Il 2 aprile si sono contati dieci anni dalla morte di san Giovanni Paolo II. La ricorrenza ha offerto lo spunto per una mostra fotografica – dal 10 al 13 aprile – negli spazi dell’Auditorium dei Poveri di via Garibaldi a Rieti.
«Il tema della mostra è “Pellegrini”. È un po’ il tentativo di guardare al tema del pellegrinaggio in senso esistenziale». A raccontare l’intento dell’iniziativa è l’autore delle foto, Dario Mariantoni, presidente del Circolo Fotografico Reatino “Porfiri”. «In fondo la vita dell’uomo è un continuo pellegrinaggio. Le immagini traggono spunto dai pellegrini arrivati a Roma per rendere omaggio a Giovanni Paolo II, morto il 2 aprile 2005. All’epoca sono giunte a Roma persone da tutto il mondo, e anch’io ho fatto il pellegrino insieme a loro per le vie della città fino a rendere omaggio nella basilica di San Pietro alle spoglie del Papa».

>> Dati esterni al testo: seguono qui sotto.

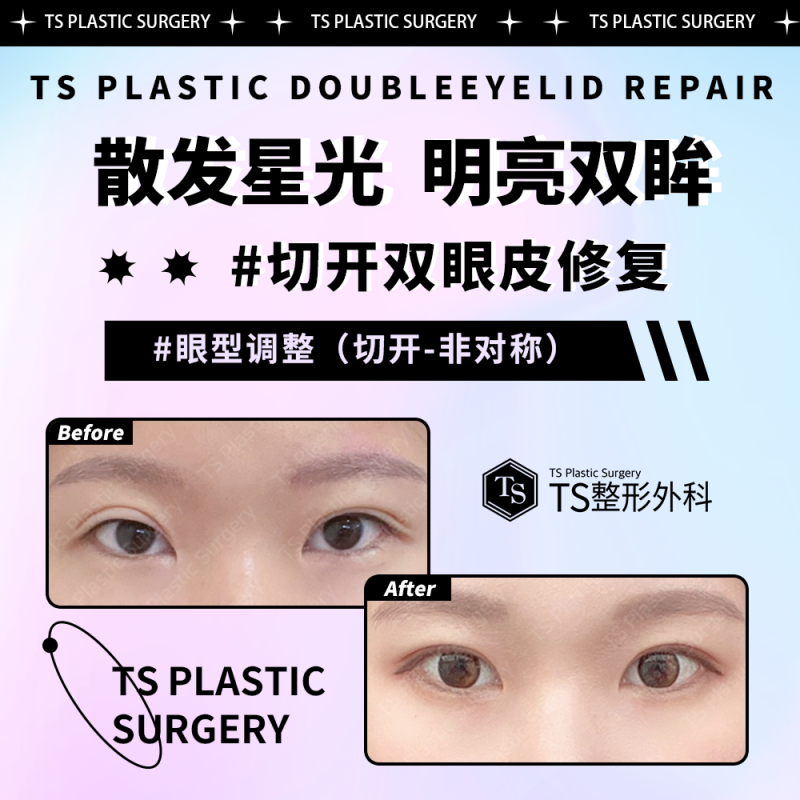 安徽合肥美雅尔口腔门诊部收费标准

Un pellegrinaggio umano e fotografico…
Sì, ho realizzato delle istantanee di tutta questa gente che andava a piedi dalla stazione Tiburtina fino a San Pietro. Una marea di gente, la più varia, supportata da tutto l’apparato dei volontari per quello che in pratica è stato un giorno in cammino lungo le strade di Roma. Può essere visto come un percorso spirituale, una metafora del cammino umano.

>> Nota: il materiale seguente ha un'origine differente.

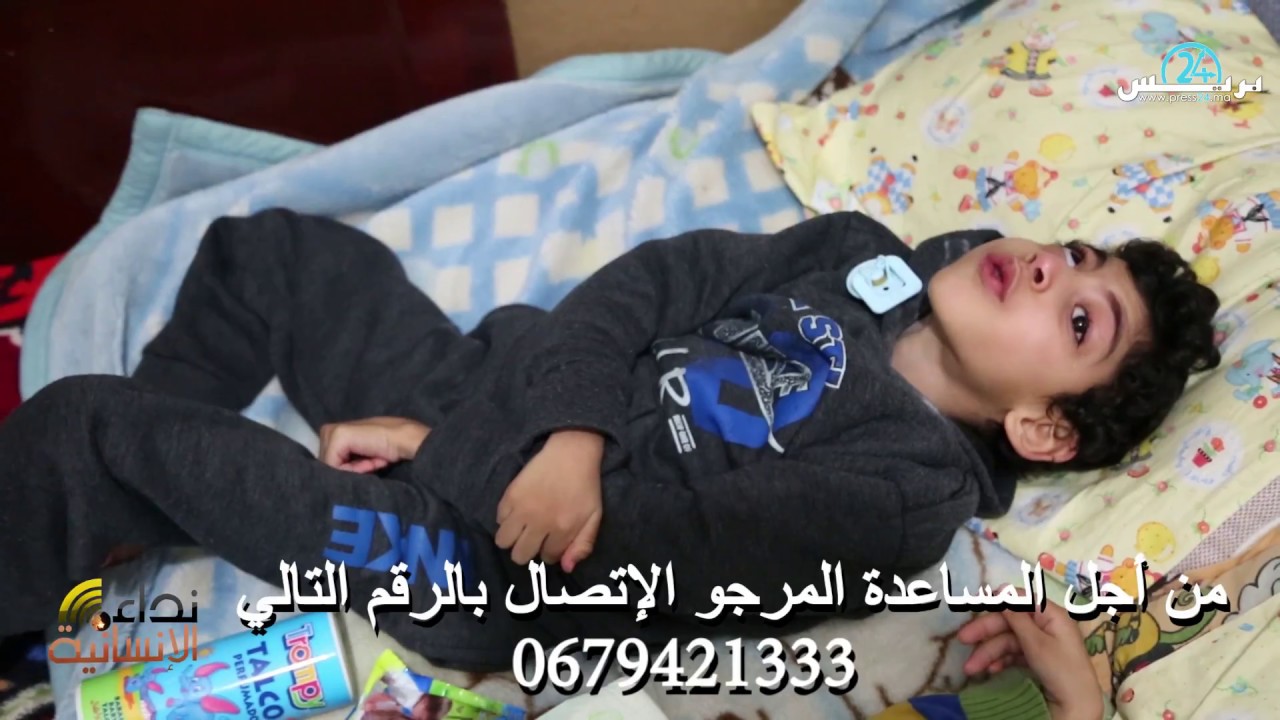 معاناة تدمي القلوب..إعاقة ذهنية وحركية لطفلين والأم تعاني الفقر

In questi giorni con il Giubileo annunciato da Papa Francesco il tema del pellegrinaggio sembra tornato centrale. Ma secondo te cosa spinge realmente il pellegrino nel suo viaggio?
Mah, recentemente ho incontrato qui a Rieti un pellegrino particolare, vestito da “antico pellegrino”: con un saio pesante, una bisaccia di pelle a tracolla, un bastone di ulivo per aiutarsi. L’aspetto tipico che viene in mente quando pronunciamo la parola “pellegrino”. È un ragazzo sulla trentina che andava a piedi niente di meno che da Parigi a Gerusalemme. Credo gli ci siano voluti otto mesi. Si è fermato qualche giorno in città e ne ho approfittato per fargli diverse foto. Non gli ho chiesto cosa lo spingesse, ma mi ha lasciato lo stesso capire che dietro a certe scelte ci sono motivi personali. C’è come a ricerca di qualcosa che si è perduto.
Cosa c’è di Giovanni Paolo II nella mostra?
Io credo che di questo pontefice sia affascinante proprio il suo pellegrinare di uomo. Mi pare che abbia umanizzato la cattedra di Pietro, che abbia reso più accessibile quella dimensione, che abbia come voluto accorciare la distanza. Lo si è visto anche nell’intuizione della Giornata Mondiale della Gioventù, o letteralmente nei suoi viaggi: è stato il Papa che ha visitato tutti i luoghi del mondo, più di ogni altro. Dentro le foto c’è la fine di un pontificato intrecciato ai momenti decisivi della storia recente, letto attraverso i volti dei pellegrini, i loro stendardi, i loro bigliettini, i loro atteggiamenti dentro San Pietro e per le vie di Roma. In quei giorni ho utilizzato un po’ tutte le tecniche: bianco e nero, colore, digitale. Quelle nella mostra sono immagini digitali trattate con un particolare procedimento che le rende tremolanti, sdoppiate, incerte. È un modo per mettere in evidenza che non sempre la fede è qualcosa di certo, una convinzione granitica, ferma, stabile.